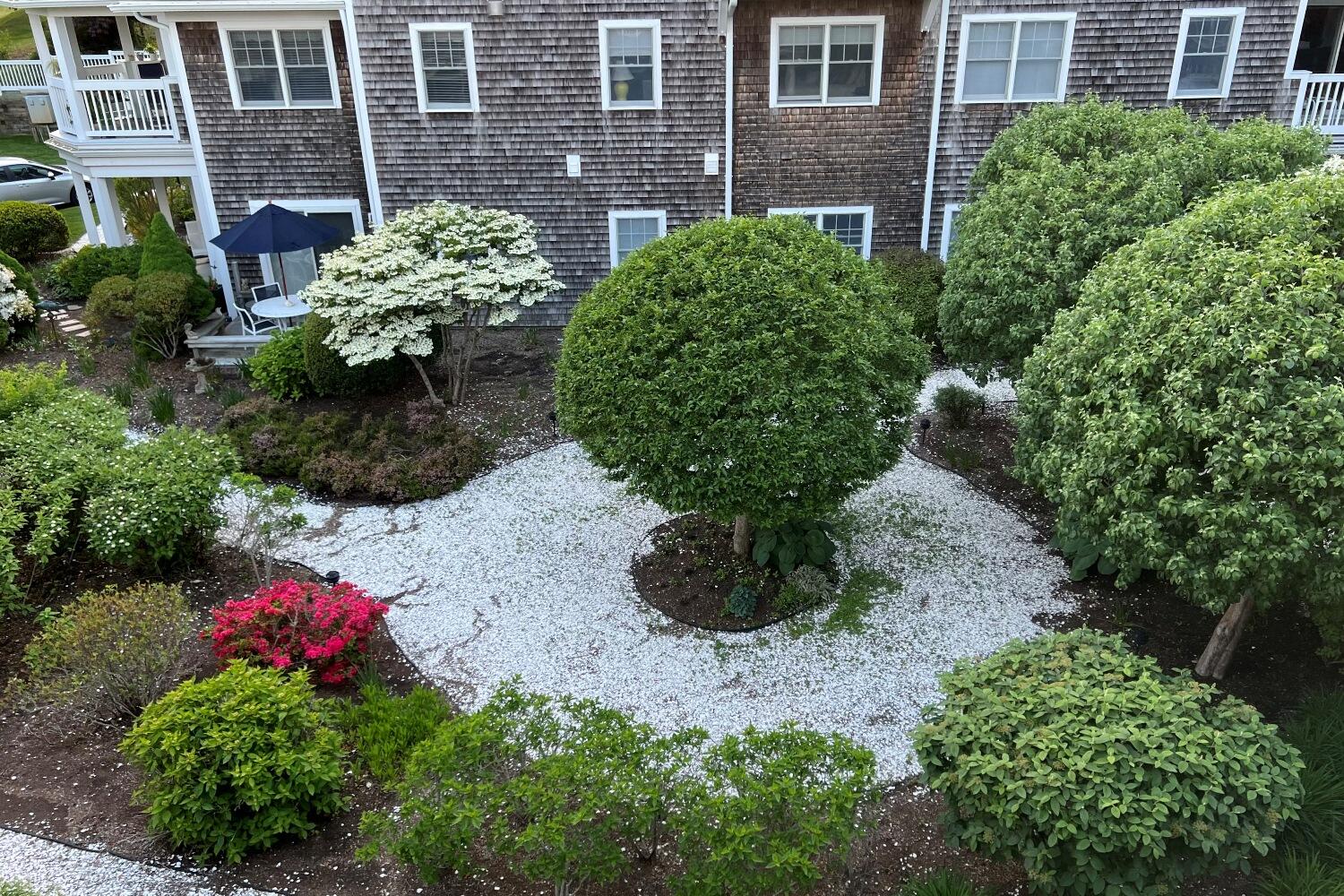 912 Main Street, Unit 308 Chatham, MA 02633 - Photo 16 of 65 a view of a garden with potted plants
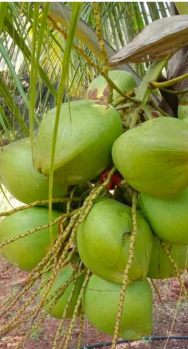 3.75 Acre Agricultural/Farm Land for Sale in Pollachi, Coimbatore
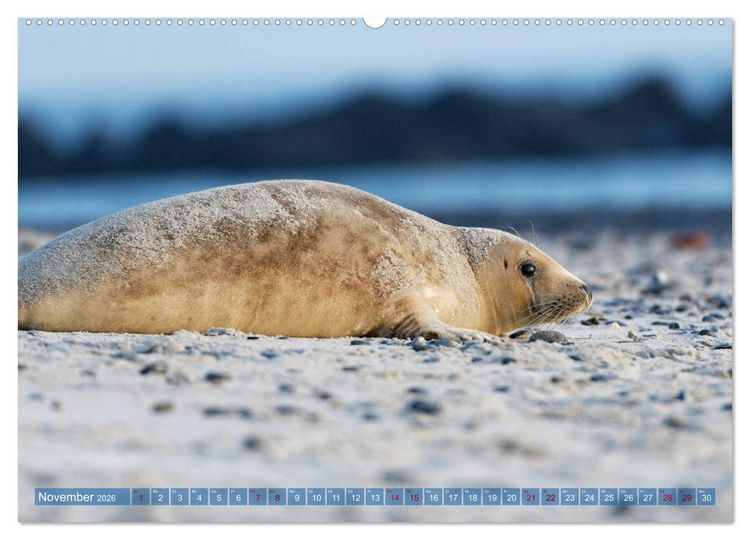 Produktbild: Robben - Lustige Bewohner Helgolands (Wandkalender 2026 DIN A2 quer), CALVENDO Monatskalender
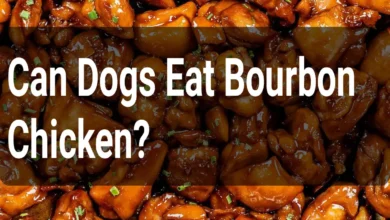 Can Dogs Eat Bourbon Chicken?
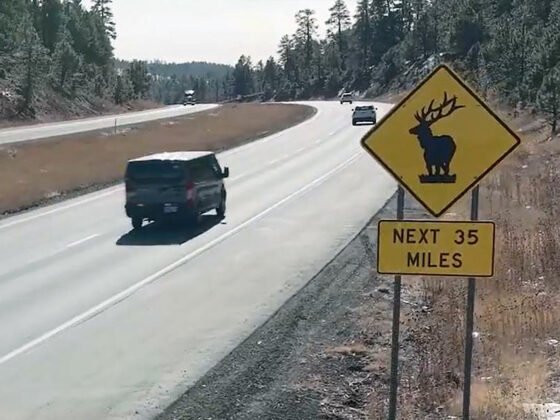 ADOT gets federal grant to enhance wildlife connectivity and safety Photo credit: Arizona Department of Transportation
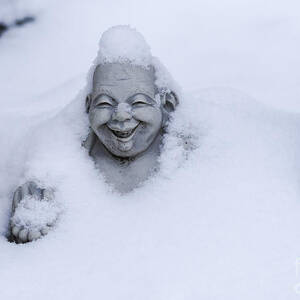 Happy Buddha in Snow by Steven Ralser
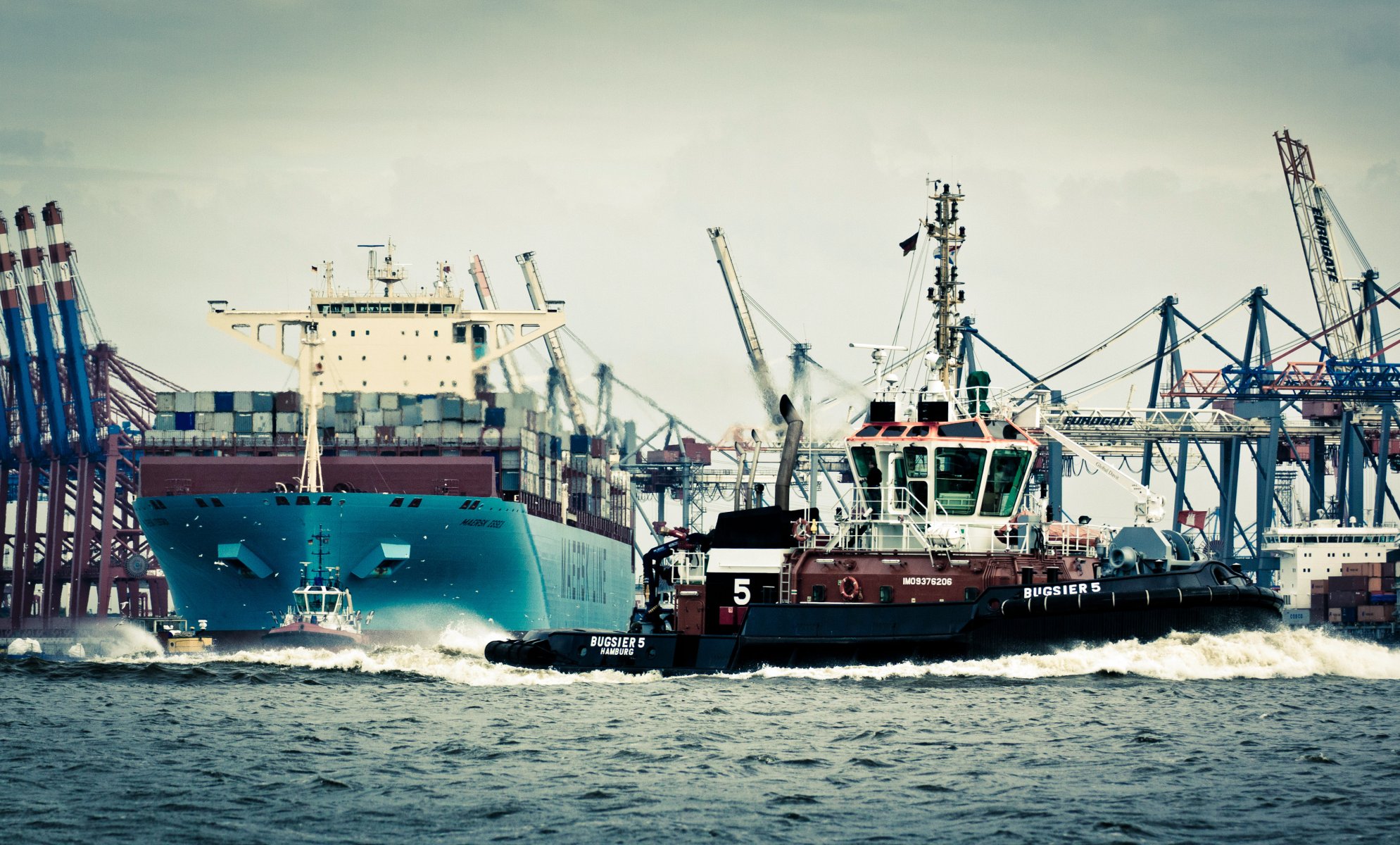 maersk line maersk essex maersk porte-conteneurs navire réservoir remorqueur mouettes mer déchets coque conseil oiseaux eau allemagne port hambourg grues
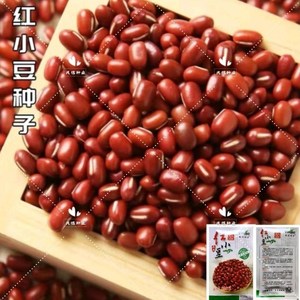 早熟红小豆种子早熟无架大粒红豆种籽自种春季四季农家蔬菜种子孑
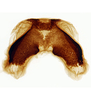 Forewing: Female internal sternum VIII.<br>U.S.A., Michigan, Baraga Co., INHS.<br> Photo: S. Krishnankutty. (Observation).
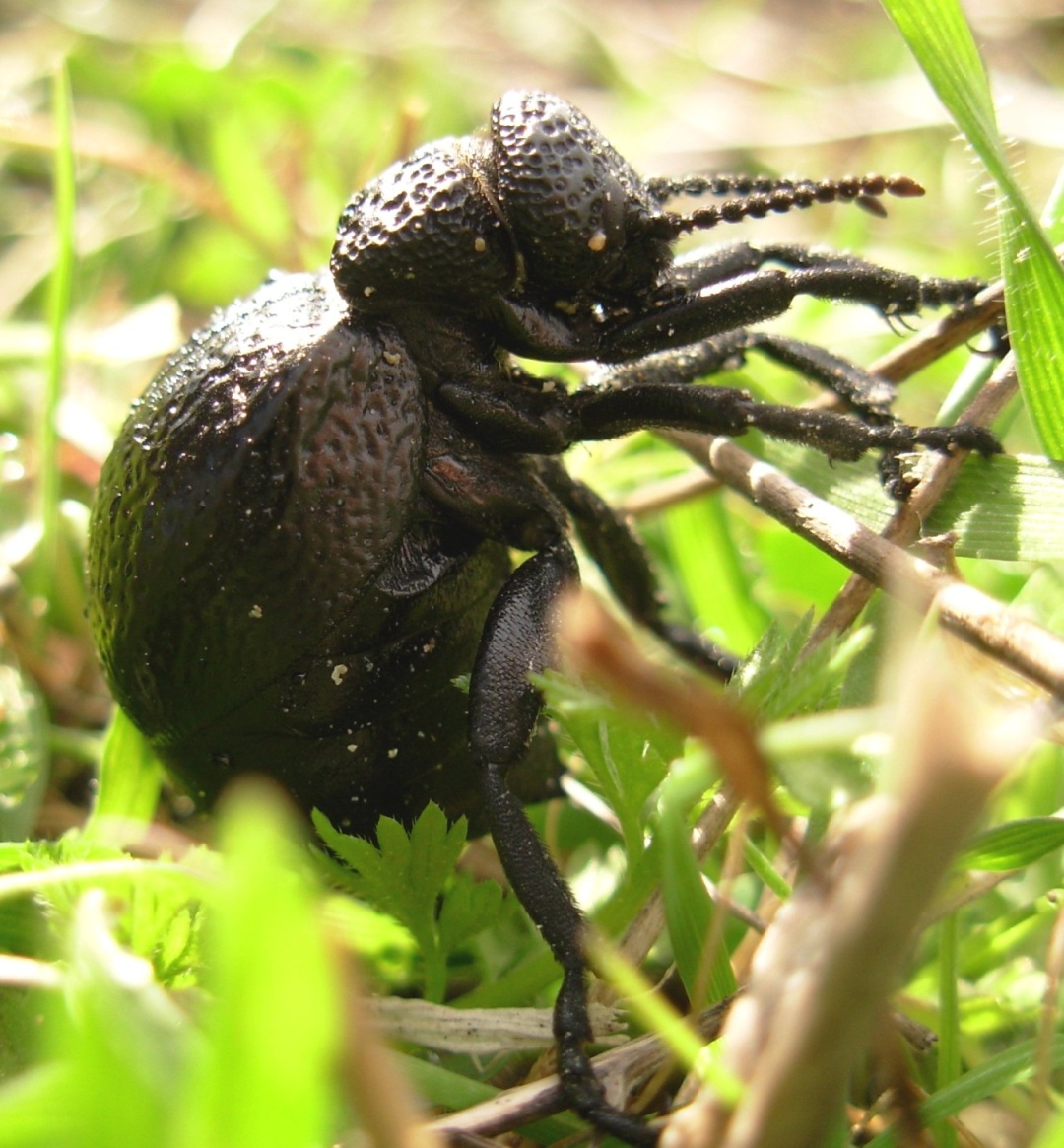Una femmina di Meloe tuccius corrosus (Coleoptera, Meloidae)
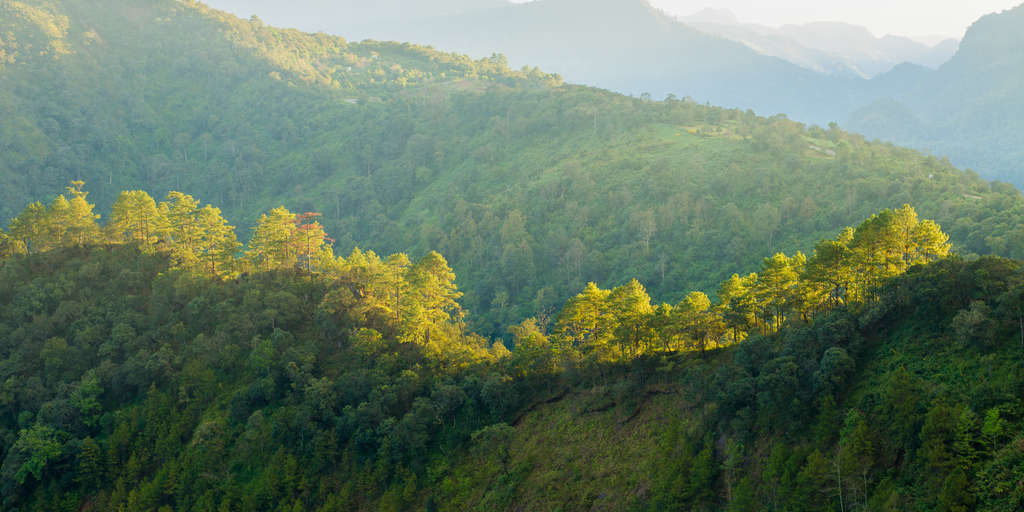 Peaceful forest landscape at dawn with mountains in the background – a reflection of the values we carry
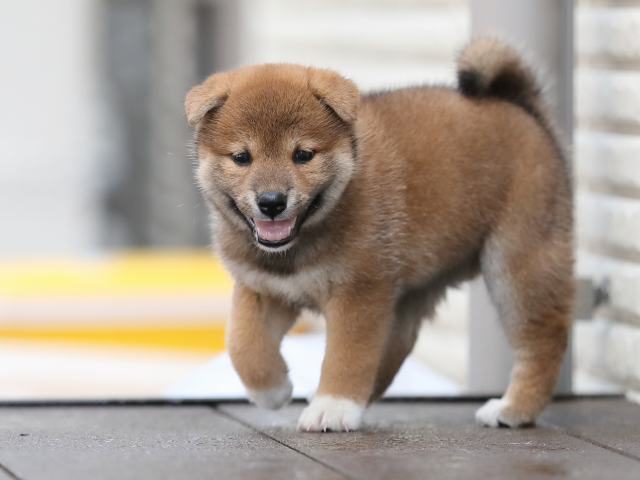 AI5I5003-puppy AI5I5003-puppy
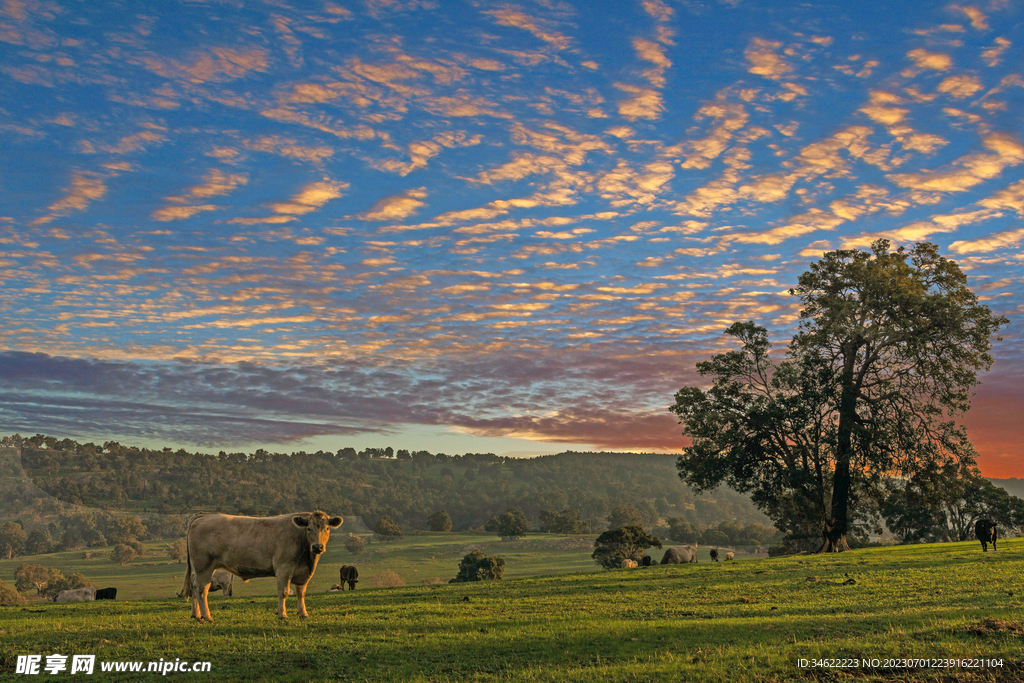森林风光 森林 树林 树木 树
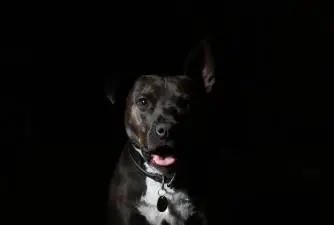 Can Dogs See In The Dark & Science Behind It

————

# WORK TASK:
When you reproduce the entries above, keep every word exactly and leave out each picture.

# ANSWER AREA:
 912 Main Street, Unit 308 Chatham, MA 02633 - Photo 16 of 65 a view of a garden with potted plants
 3.75 Acre Agricultural/Farm Land for Sale in Pollachi, Coimbatore
 Produktbild: Robben - Lustige Bewohner Helgolands (Wandkalender 2026 DIN A2 quer), CALVENDO Monatskalender
 Can Dogs Eat Bourbon Chicken?
 ADOT gets federal grant to enhance wildlife connectivity and safety Photo credit: Arizona Department of Transportation
 Happy Buddha in Snow by Steven Ralser
 maersk line maersk essex maersk porte-conteneurs navire réservoir remorqueur mouettes mer déchets coque conseil oiseaux eau allemagne port hambourg grues
 早熟红小豆种子早熟无架大粒红豆种籽自种春季四季农家蔬菜种子孑
 Forewing: Female internal sternum VIII.<br>U.S.A., Michigan, Baraga Co., INHS.<br> Photo: S. Krishnankutty. (Observation).
Una femmina di Meloe tuccius corrosus (Coleoptera, Meloidae)
 Peaceful forest landscape at dawn with mountains in the background – a reflection of the values we carry
 AI5I5003-puppy AI5I5003-puppy
森林风光 森林 树林 树木 树
 Can Dogs See In The Dark & Science Behind It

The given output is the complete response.